In campo che tipologia di gioco ti piace approntare alle tue squadre?

Personalmente credo che l’obiettivo di un allenatore è quello di creare un modello di gioco e un vestito tattico che possa calzare con i ragazzi che si ha a disposizione, riuscendo a mettere in evidenza le caratteristiche di ognuno di loro. Preferisco lavorare per principi di gioco piuttosto che per codifiche definite e standardizzate perché come dicevo prima credo che ogni ragazzo in campo debba sentirsi libero di esprimere il proprio talento e non voglio ingabbiare questa possibilità dentro schemi predefiniti. Durante gli allenamenti poi, spesso, mi piace mischiare le carte e invertire i ruoli. Così facendo gli attaccanti diventano difensori e viceversa e ognuno si trova a capire meglio come fronteggiare poi un avversario avendo il punto di vista di chi durante la partita ti trovi davanti. Mi piace insegnare ai miei ragazzi la costruzione dal basso ad esempio, ma non fine a se stessa bensì spiegando loro che così facendo e con i giusti movimenti di tutta la squadra in maniera corale abbiamo la possibilità di trovare spazi che in un’altra maniera faticheremmo a trovare”.

Hai un maestro di calcio al quale ti ispiri?

Nella mia carriera ho avuto la fortuna di incrociare diversi allenatori che ora sono in serie importanti e stanno avendo un percorso di alta qualità. Se dovessi sceglierne uno direi Gian Piero Gasperini che qui a Genova, sponda rossoblù, ha lasciato un ricordo indelebile. La cosa che apprezzo maggiormente di Gasperini è la sua capacità di far rendere i giocatori molto più di quanto siano in realtà. Non è un caso che spesso ragazzi che con lui vanno molto bene fatichino ad adattarsi in altri contesti. Inoltre propone duelli uno contro uno in ogni angolo di campo e momento di gara e anche io alleno e trasmetto l’importanza di questa situazione specifica, perché credo che saltare l’uomo per creare superiorità numerica sia l’essenza stessa del gioco”.

Per chiudere, ci vuoi raccontare quali ragazzi hai avuto la fortuna di allenare e che ricordo hai di loro?

Non ho avuto la fortuna di allenarlo ma ho visto in un torneo, la Nike Cup, Nicolò Rovella e la cosa che mi ha subito colpito maggiormente è stata la sua personalità e grande intelligenza in campo. Un calciatore pensante, magari con delle capacità condizionali in quel momento non al top, ma che ero sicuro potesse diventare un giocatore vero. Ai tempi era all’Alcione, società dilettantistica di Milano, e chiamai subito il nostro Direttore che sapeva già dell’esistenza del ragazzo grazie agli scout del Genoa.

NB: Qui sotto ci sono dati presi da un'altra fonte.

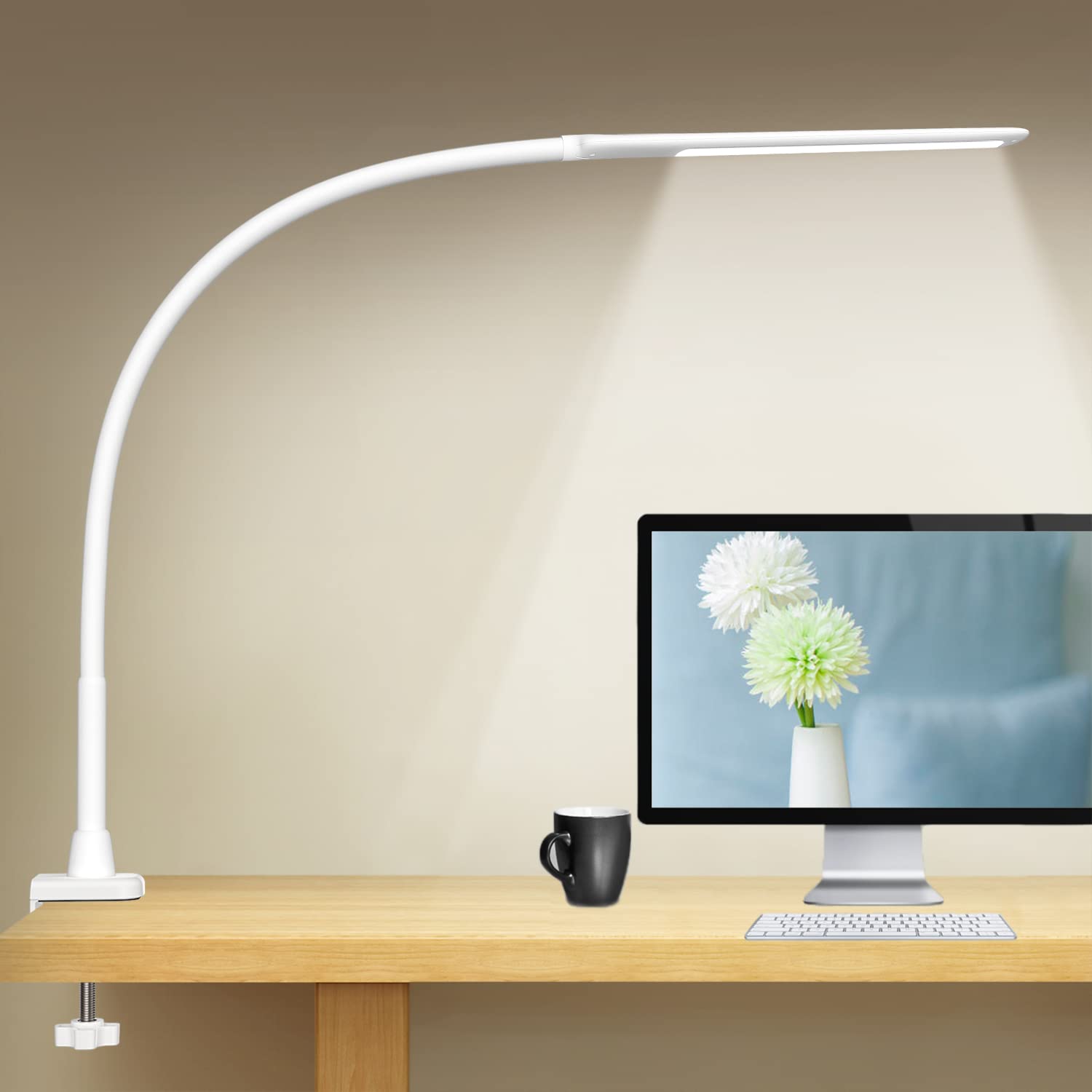 YOUKOYI LED Desk Lamp - 5 Brightness Levels, 4 Color Modes, Touch Control, Gooseneck, White, Model T7W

Poi la maggior parte dei ragazzi che ora compongono la Primavera 2 del Grifone sono stati miei ragazzi. Da Accornero a Palella passando per Romano, tutti pronti ora per vivere da protagonisti la loro vita da calciatori. Anche nei 2008 che sto allenando ora ci sono diversi prospetti di gran talento, 5/6 sono stati convocati per il Torneo Natalizio della Nazionale Under 15 ma ce ne sono altri che magari sono un po’tardivi essendo nati dopo che secondo me hanno le potenzialità per fare molto bene. La cosa che ancora oggi mi emoziona maggiormente è vedere i ragazzi, con cui ho condiviso una parte del loro percorso quando avevano 14/15 anni, che mi salutano e abbracciano e ogni tanto mi chiamano pure per confrontarsi su alcune tematiche. Quando mi rendo conto di averli aiutati a crescere come giovani uomini capisco che ho svolto al meglio il mio lavoro, molto più che una partita o un campionato vinto. Perché non bisogna mai dimenticarsi che nei settori giovanili i protagonisti sono loro e noi allenatori dobbiamo far fiorire e sbocciare il loro talento”.

Ringraziamo Leone Cipani per la bellissima chiacchierata e disponibilità e un grosso in bocca al lupo per la seconda parte di stagione.